[Information supplied — start]
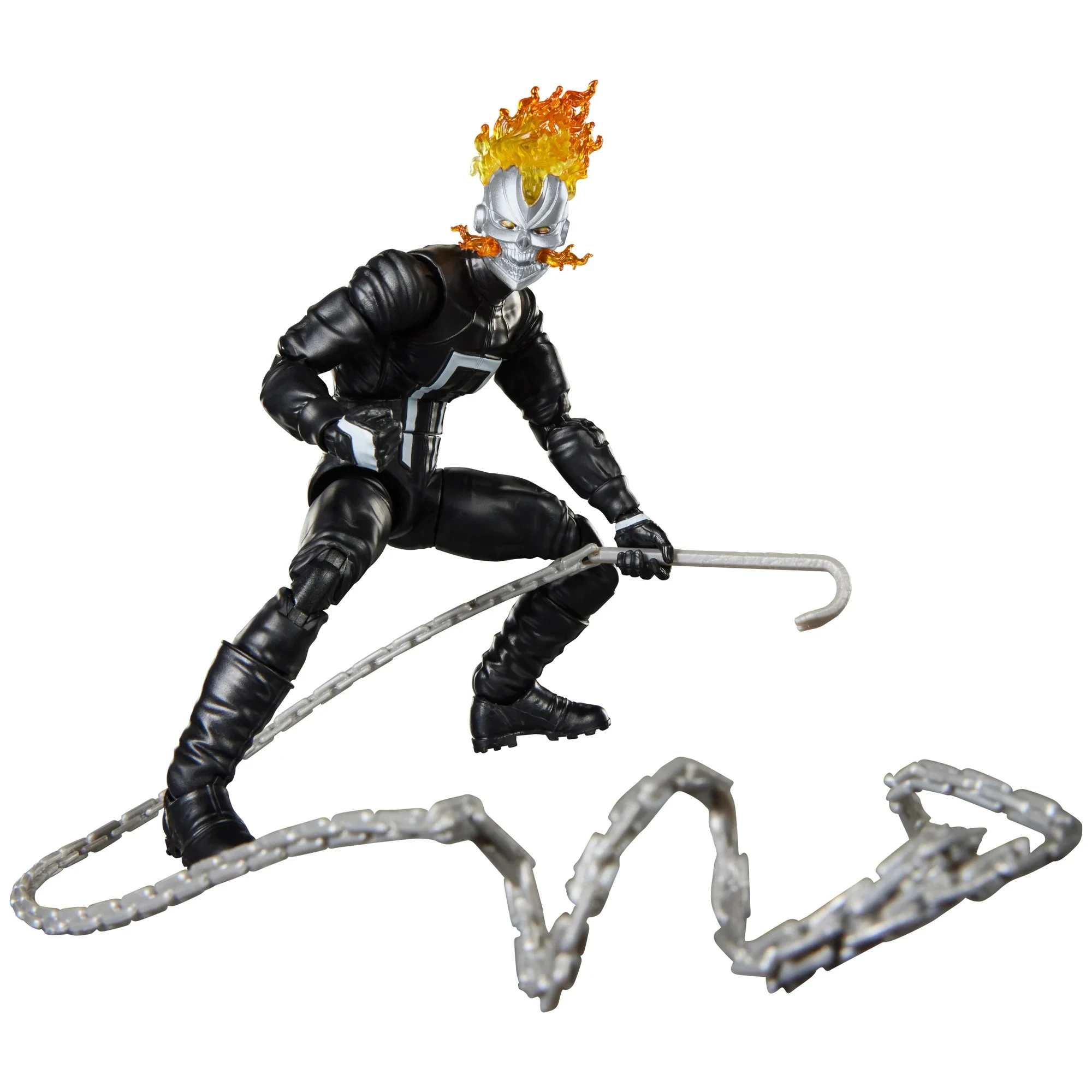【Presale】Hasbro Marvel Legends Series Ghost Rider (Robbie Reyes) Avengers Comics Collectible 6-Inch Scale Action Figure G2424 view 5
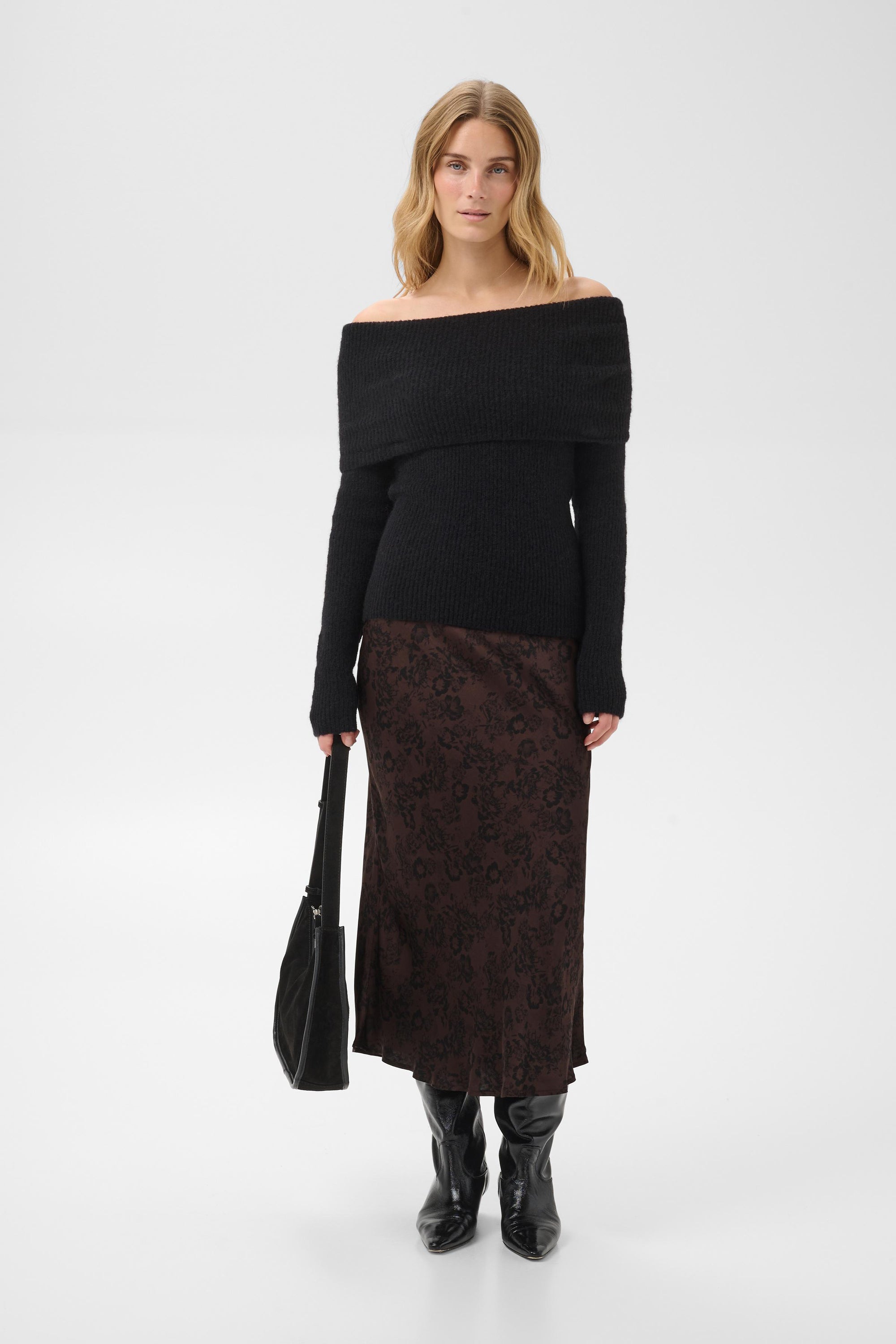 Candice Print Skirt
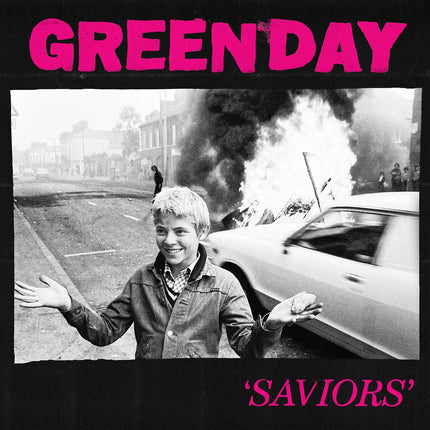 SAVIORS (LIMITED DELUXE EDITION) | GREEN DAY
[Information supplied — finish]
-- Task details --
The full listing above, duplicated exactly and without its pictures, is the answer.

-- Solution for this exercise --
【Presale】Hasbro Marvel Legends Series Ghost Rider (Robbie Reyes) Avengers Comics Collectible 6-Inch Scale Action Figure G2424 view 5
 Candice Print Skirt
 SAVIORS (LIMITED DELUXE EDITION) | GREEN DAY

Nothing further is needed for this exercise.